At EF Education First, we work every day to help people better understand one another, which is why we are committed to improving Diversity, Equity, Inclusion, and Belonging across our organization. As we continue our work to drive change at EF and be better allies for our colleagues, students, educators, and friends, we recognize that education is a critical piece of the equality puzzle.
EF recently hosted a virtual conversation for its U.S. staff with our external learning partner, Dr. Deborah L. Plummer, Ph.D., to help attendees dive deeper into the critical topics of racism and allyship. Dr. Plummer is an accomplished psychologist, university professor, author, and speaker on topics central to racial equality, inclusion, and mutual respect. As learning partners, EF and Dr. Plummer have created a supportive system through which both she and the EF community can learn from one another, test ideas, and uncover new ways of thinking.
Her session focused on understanding basic forms of racism and how they interplay; identifying how these forms show up in practices, policies, and everyday interactions; and inspiring attendees to have enlightened, productive conversations about race to build a more inclusive society.
“We have this sense of urgency to treat race relations as something to be feared, as something we need to treat with force,” said Dr. Plummer. “We should see racism as a challenging opportunity to learn new things, change our thinking, and acquire new skills to navigate our increasingly multiracial world.”
To help us understand how racism manifests, Dr. Plummer walked attendees through a matrix that explained “-isms,” or destructive attitudes, belief systems, actions, or practices that are attached to the expression of human differences, such as ageism, sexism, and religionism.
“These systems stay in place because we see them every day. We don’t recognize how they’re actually an interlocking system with floating boundaries, which leads to them becoming normalized in society,” explained Dr. Plummer. “Behavior sometimes helps us recognize intent; if I tell you something bothers me and you continue to do it, I might question your intent. But intention doesn’t always mitigate impact.”
Dr.
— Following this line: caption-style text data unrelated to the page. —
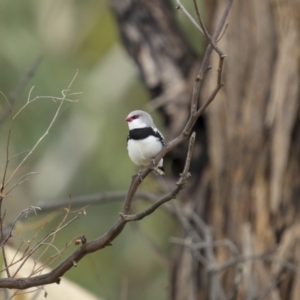 Stagonopleura guttata at Bellmount Forest, NSW - suppressed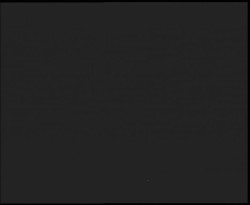 Nástup na běžecké tratě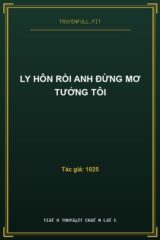 Ly Hôn Rồi Anh Đừng Mơ Tưởng Tôi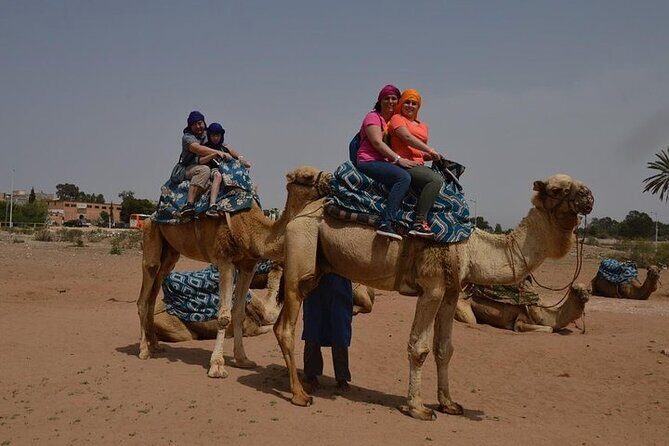 Agadir Camel Ride Experience - Authenticity and Value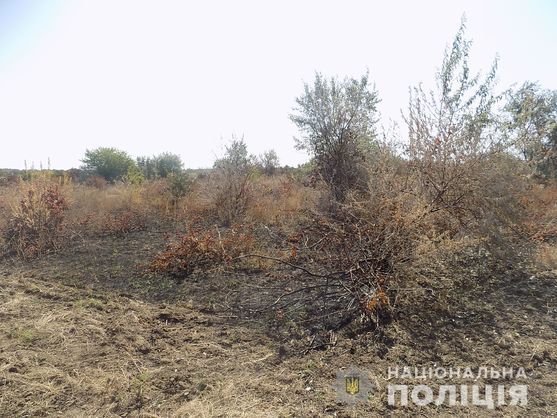 У винограднику Крістофа Лакарена в Шабо слідів підпалу не знайшли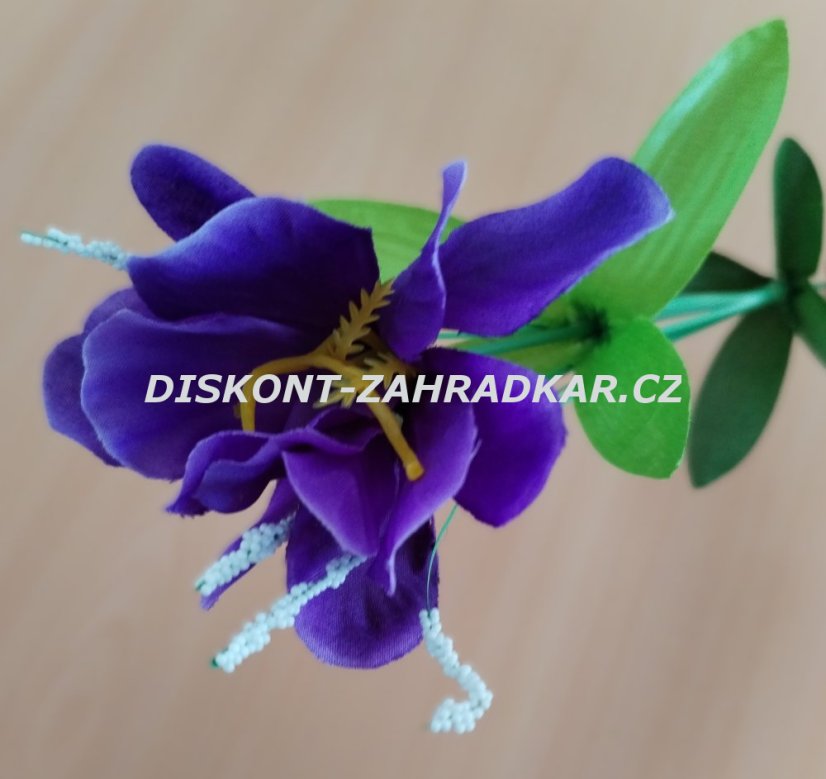 Iris (kosateček) fialový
Plummer also explained how we can counter common race-related deflections (e.g., “Well, some of my friends are…,” “I don’t have a racist bone in my body,” “It’s just a few bad apples”); how to correct unintentional behaviors; how to speak with family, friends, or colleagues with views different than our own; and how to address mistakes we’ve made in the past.
EF staff’s takeaways following the session reflect optimism and a desire to impact change:
“Keep reading, keep talking, keep challenging yourself, and keep questioning your assumptions about race. We have a natural tendency towards ‘tribalism’ and seek experiences with those who are, in large part, just like us. The only way to move away from that paradigm is to challenge it and question it.” — Daryl
“I was very heartened to see that it’s very possible to have respectful, helpful discourse about such a sensitive subject when people are knowingly and intentionally engaged in the conversation. It goes back to the core EF mission of breaking down barriers that divide us and opening the world through education.” – Jason
“What struck me the most about Dr. Plummer is her ability to explain difficult matters simply. I have a much better understanding of the different kinds of racism and how they appear in our society and everyday lives. I also learned how to navigate difficult discussions around this topic with the people close to me.” – SB
“The more we give shared language and understanding to the policies and systems that are examples of covert racism in our society, the more it moves to the overt side and the easier it is for us to call it out and break it down.” – Anonymous
“For me, the biggest takeaways were the notions that racism is determined more by impact rather than intent and that, as humans, we tend to see change as a threat to be feared, as opposed to a challenge to be mastered. Both of these statements really resonated with me as I continue to acknowledge and work on my own biases, leverage my own privilege, and elevate my advocacy and allyship.” – Desirae
“Debbie’s -isms matrix was a new way to understand racism (and other -isms) that I think can really give people, myself included, the context to inform real action and change.” – John
“Racism exists and persists, and Black people in this country understand its reality in our everyday life,” said Dr. Plummer. “Many of us aspire to change our thinking, but we can’t do so without understanding the policies, systems, and practices that have brought us to this point. A commitment to educating ourselves will move us forward.”